Three months after the United States began conducting airstrikes against terrorists from the Islamic State of Iraq and the Levant, the top U.S. military commander for the Middle East today described the progress made toward degrading and destroying the group as “significant.”
“I think we’re having a significant effect on the ISIL element,” Army Gen. Lloyd J. Austin III, commander of U.S. Central Command, told an audience at the Atlantic Council. “The question is, how soon can we get the Iraqis to develop a capability to do what they need to do to sustain the effects and conditions that we’re going to create.”
Hundreds of U.S. military advisors have been in Iraq since June, advising and assisting Iraqi security forces in their effort to take back the estimated one-third of the country -- including Iraq’s second-largest city, Mosul -- that ISIL terrorists now control.
“Fortunately, over the past few months, we have seen some progress made by the Iraqis,” most importantly, Austin said, the formation of a new Iraqi government that has pledged outreach to Sunnis, Kurds and other minorities. U.S. officials have said it was the alienation of those groups by the previous Iraqi government that led to the rise of ISIL and the rapid territorial gains and support it has garnered.
Impact on ISIL
Austin said the airstrikes conducted by the U.S.-led coalition over the past few months in both Iraq and Syria have forced ISIL fighters to stop traveling in large convoys, flying the flag of their self-declared caliphate, and easily communicating.
“They are afraid to congregate in any sizable formation, because they know that if we can see them, we’re going to engage them, and we’re going to get what we’re aiming at,” Austin said, adding that the group’s ability to generate revenue also has been disrupted.
“ISIL continues to lose capability on a daily basis because of the pressure that the coalition has put on them,” he said.
Still a Potent Adversary
However, Austin, as other Pentagon officials have, cautioned that the campaign to degrade and ultimately destroy the group could take years, and he made clear that despite the progress so far, ISIL remains a formidable enemy made up of seasoned fighters.
“This adversary is about as good as I’ve ever seen,” the general said. “A number of folks who are in the ranks of this organization have been in this business before, so they have learned the lessons of Iraq and other places, and they really understand the value of trying to dominate the media space. And they work that very, very diligently.”

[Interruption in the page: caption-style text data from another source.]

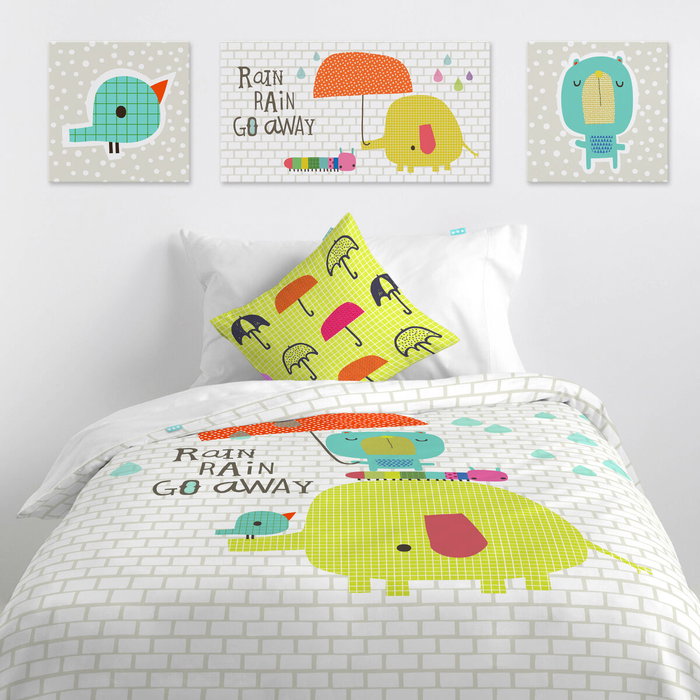 Lienzo HappyFriday Baleno Teen Drops Multicolor 27 x 27 cm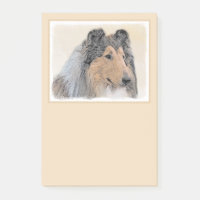 Collie (Rough) Malerei - Niedliche Original Hunde 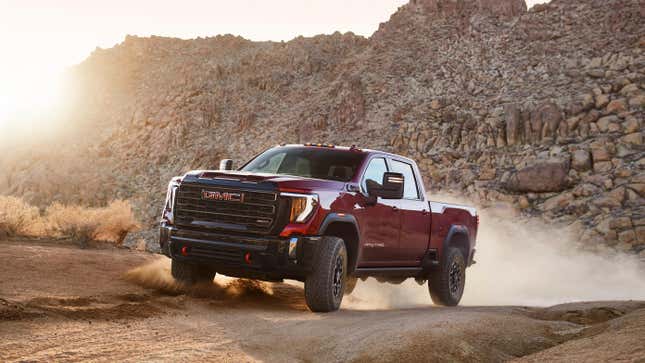 Image for article titled 2024 GMC Sierra 2500 HD AT4X: This Is It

The general said he would not hesitate to ask for “more capability” to defeat ISIL if he and the chairman of the Joint Chiefs of Staff believe that is necessary. And, he said, he would welcome any additional contributions to the fight from Turkey, a member of the coalition, who he said “has skin in the game.”
“I think they will add value no matter what,” Austin said, “but the more access, basing and overflight rights we can get, I think, the better off we will be.”